Search Unity

  1. Welcome to the Unity Forums! Please take the time to read our Code of Conduct to familiarize yourself with the forum rules and how to post constructively.

Shaping reward in Self-Play

Discussion in 'ML-Agents' started by Glolut, Feb 27, 2022.

  1. Glolut

    Glolut

    Joined:
    Jun 30, 2021
    Posts:
    7
    According to docs, the reward in self-play should be +1for winning, -1 for losing, and 0 for a draw. However, in my case, it's hard for learning if rewards are only 1, -1, 0. I put some more rewards which are beyond 1 and -1 to teach them useful actions.

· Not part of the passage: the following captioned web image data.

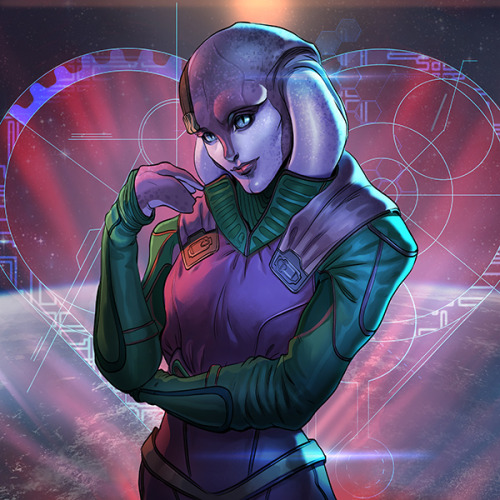 malelavellan - andromeda romance tiles from the mass effect...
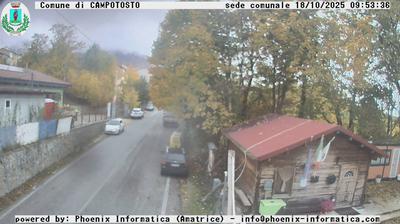 immagine della webcam nei dintorni di Campo Imperatore: webcam Campotosto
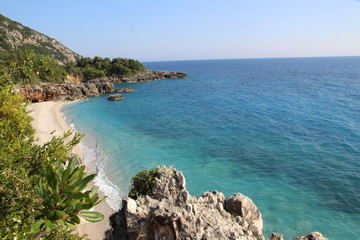  view on the coast of Dhermi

Then in finals, if then agents win => SetReward(1f), lose => SetReward(-1), at maxStep => SetReward(0f).
    After 1 million step training, I saw only negative mean reward (50k each summary), and ELO decreased overall.
    I'm wondering if this is caused because of my reward shape.
     
  2. weight_theta

    weight_theta

    Joined:
    Aug 23, 2020
    Posts:
    65
    This can occur, especially when you give negative rewards, you may want to clip your reward to never go below a certain threshold.
    Note 1 million is not a lot, try 60 million and then adjust your negative reward accordingly. It would be good if your reward or penalties are a function of the agents actions.